Today a three-judge panel in the Seventh Circuit Court of Appeals in Chicago ruled in
Stapleton v. Advocate Health Care Network, rejecting the hospital system's appeal of a district court ruling and affirming that their pension plan is not a church plan. This is the second such ruling in a series of similar cases involving pension plans of church-affiliated hospital systems—including, of course,
Kaplan v. Saint Peter's Healthcare System—and the second straight win at the circuit court level for pension plan members in such cases.
You can read the 30-page ruling here.
In her majority opinion, Judge Ilana Diamond Rovner prominently cites the Third Circuit's decision denying Saint Peter's appeal. As in the Saint Peter's case, the judges in Advocate found that a plain-language reading of the ERISA statute makes clear that in order to qualify for a "church plan" exemption, a plan must be established by a church, as required by subsection (33)(A) of the statute, and specifically that subsection (33)(C), often cited by church-affiliated hospital corporations as widening the exemption to include them, does not override the establishment requirement in subsection (33)(A). She notes, as did the Saint Peter's opinion, the remedial nature of ERISA: it was created to "protect employees from losing savings meant for their retirement years from either intentional mishandling of funds or innocent mismanagement." Congress did not intend a broad exemption for corporations with church affiliations: "Congress carved out only narrow exemptions for employee-benefit plans, including those for churches whose plans were excused from regulation in order to prevent excessive government entanglement with religion. ... Employees of religiously-affiliated hospitals are not immune from the perils of unregulated pension plans." She dismisses prior rulings in favor of such a wide exemption as insufficiently rigorous: "Until this recent spate of litigation, most courts evaluating church plans ... merely glossed over the statutory language and assumed that the exemption applied to plans established by church-affiliated agencies."
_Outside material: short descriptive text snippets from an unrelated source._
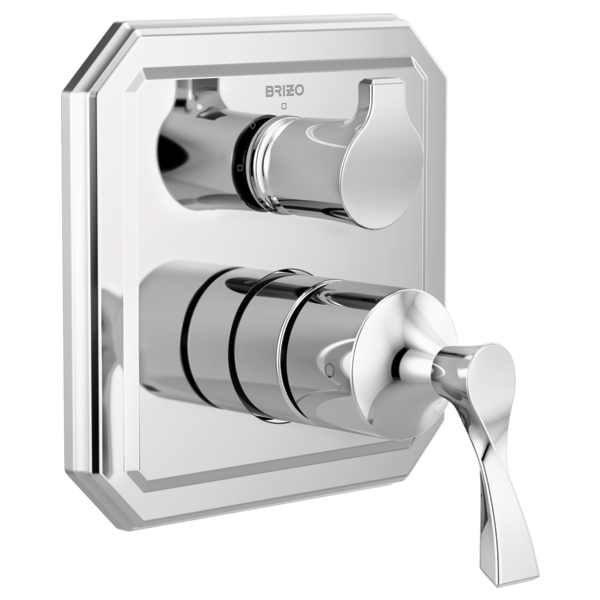Brizo T75P530 Virage Pressure Balance Valve With Integrated 3-Function Diverter Trim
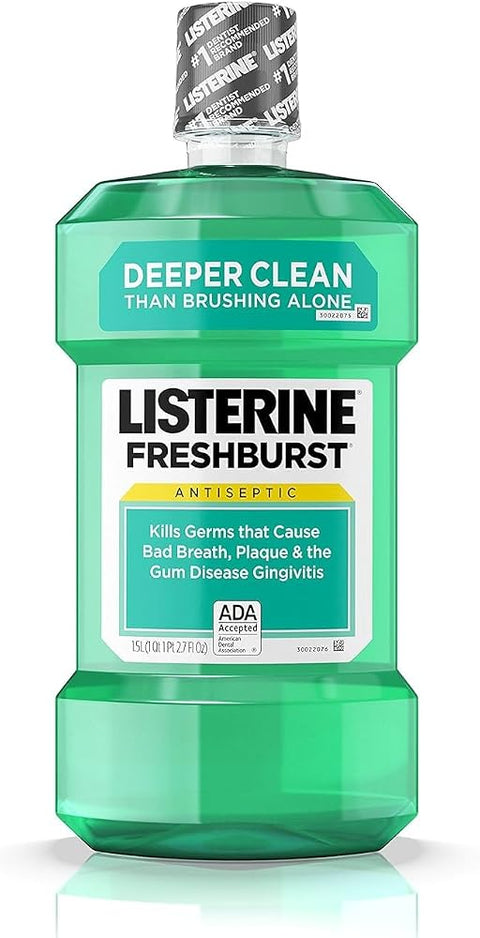 Listerine Antiseptic Mouthwash, FreshBurst 1500 ml - Pack of 2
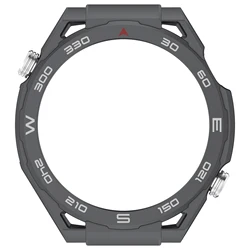 Sleek PC Case Hollow Out Watch Frame Bumper - Protective Cover for Smartwatch Accessories (Grey)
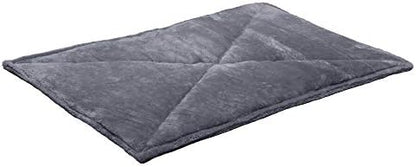 Furhaven ThermaNAP Self-Warming Cat Bed for Indoor Cats & Large/Medium Dogs, Washable & Reflects Body Heat - Quilted Faux Fur Reflective Bed Mat - Gray, Large - Image 8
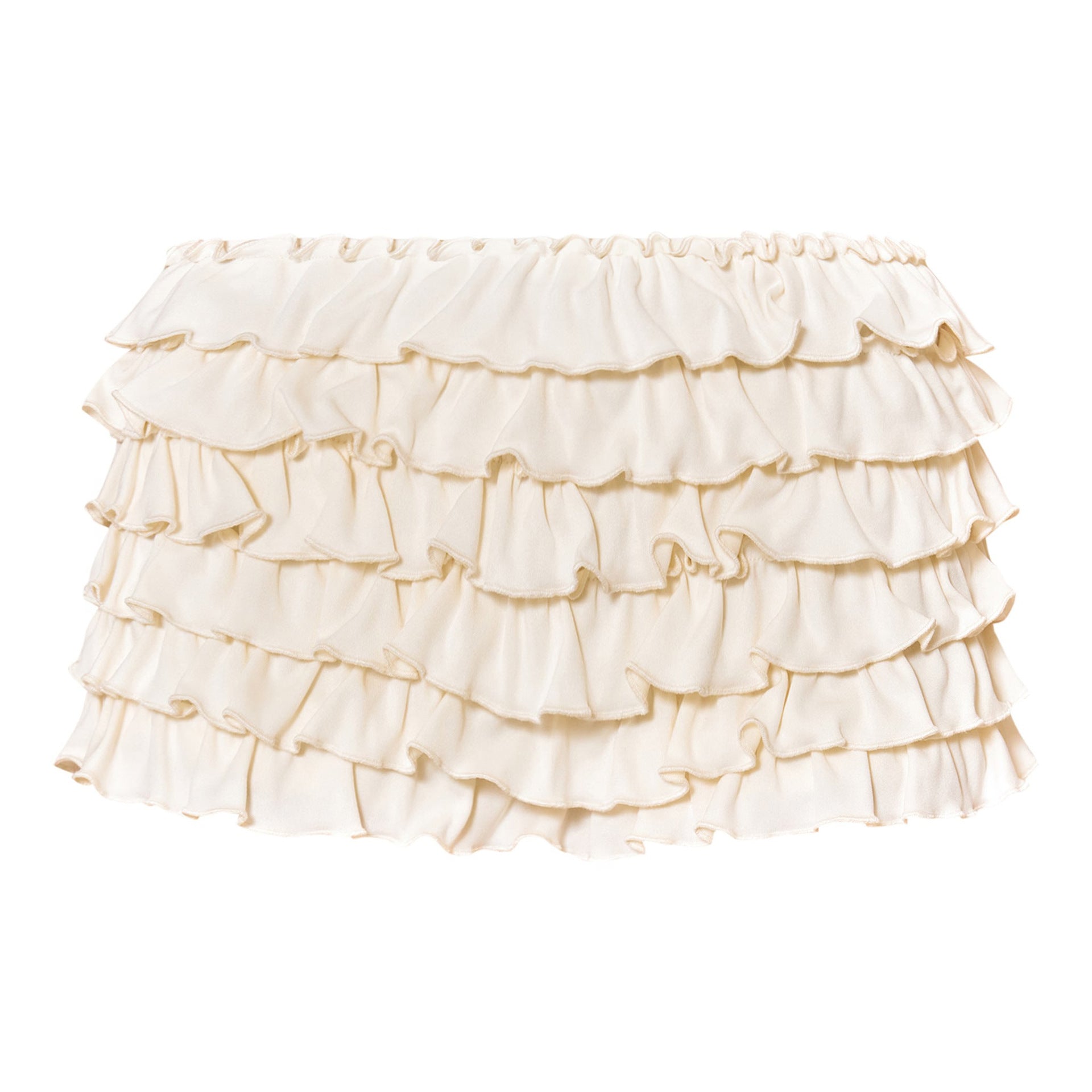 Frill Wavy Lantern Dress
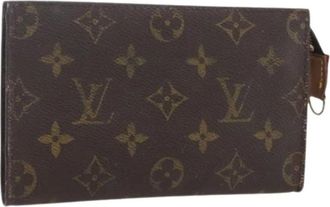 Louis Vuitton Pre-owned Clutches, female, Brown, Size: ONE SIZE Pre-owned Vintage Canvas Clutch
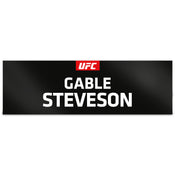 Gable Stevenson Locker Room Name Tag UFC 329: McGregor vs Holloway 2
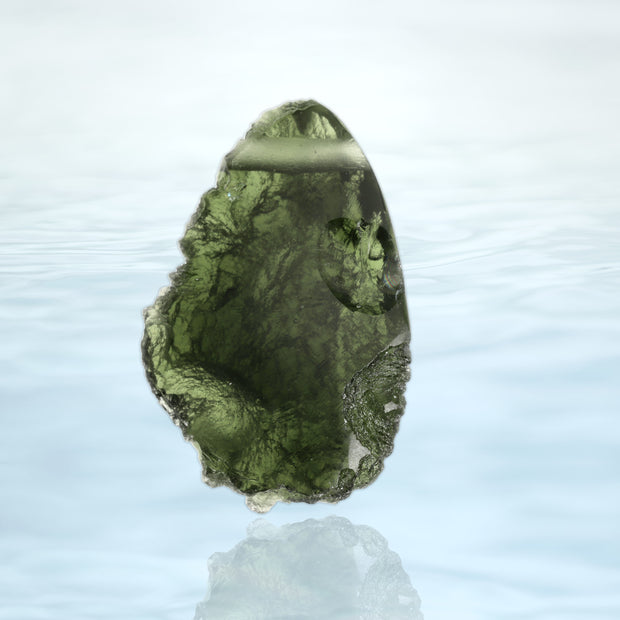 Genuine Moldavite Bead
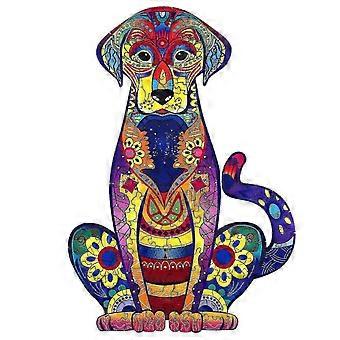 103 Pieces Wooden Jigsaw Puzzles Unique Animal Shaped Puzzles Wood Puzzles Adult Kids Gift 25-26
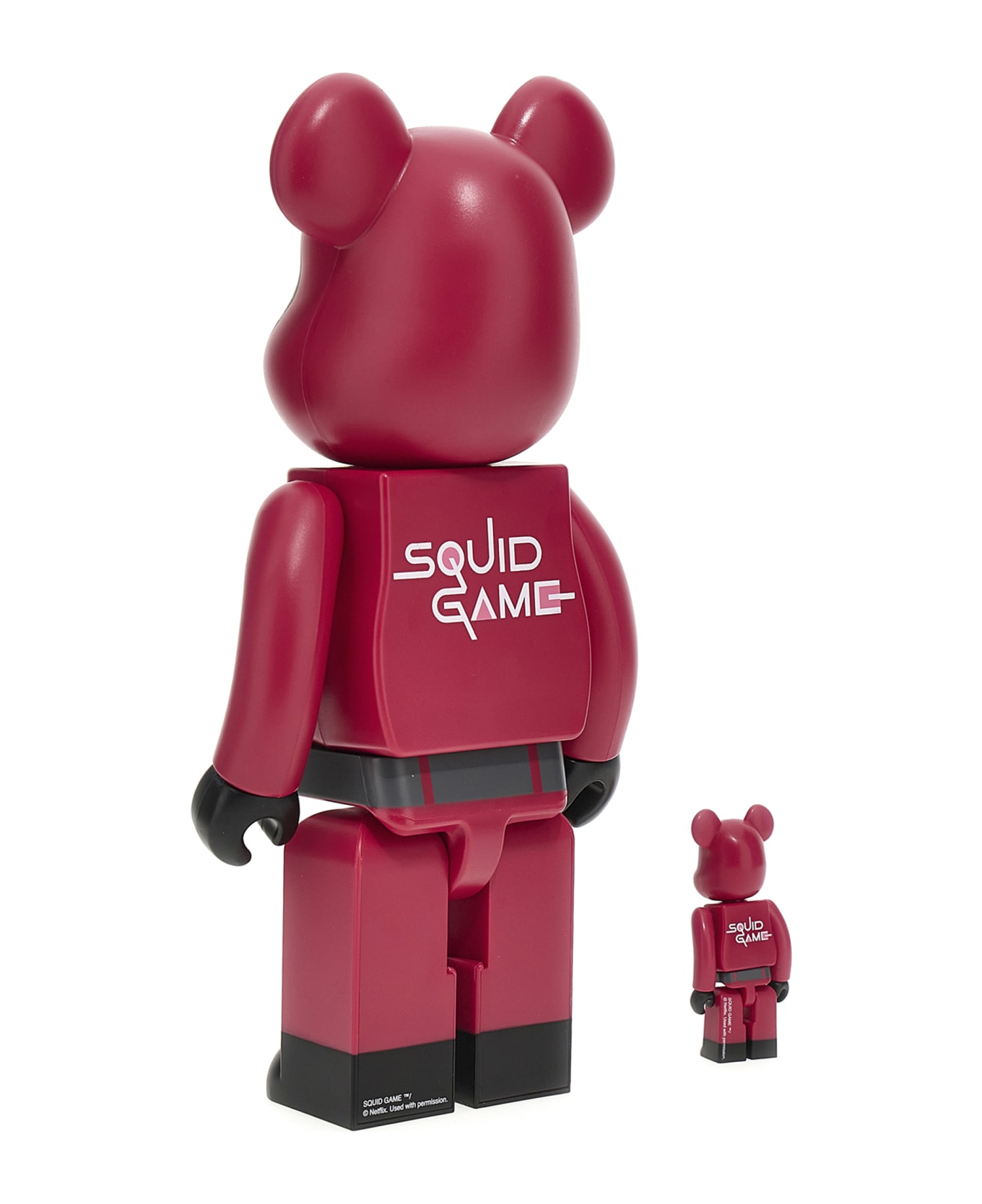 Medicom Toy Be@rbrick 100% And 400% Squid Game Soldier - Red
In a short concurring opinion, Judge Michael S. Kanne adds a very interesting postscript. While agreeing in full with the majority opinion, he also dismisses the arguments, posited in amicus briefs in support of the hospital systems in these cases, that denying a church plan exemption compels health care corporations to violate their religious beliefs (as Hobby Lobby successfully argued in their landmark case). He emphasizes that that is not the case here.
Retirees are now 2-for-2 at the circuit court level in such cases. There are still cases pending in the appellate courts where lower courts have ruled both in favor of retirees and in favor of the hospital systems seeking church plan status. It will likely take a year or two for the courts—perhaps including a Supreme Court that currently has only eight members—to sort this all out. In the meantime, one thing seems certain: Saint Peter's will continue to operate its pension plan without ERISA protections as long as they can get away with it. We expect news media to weigh in soon; we'll follow up when that happens.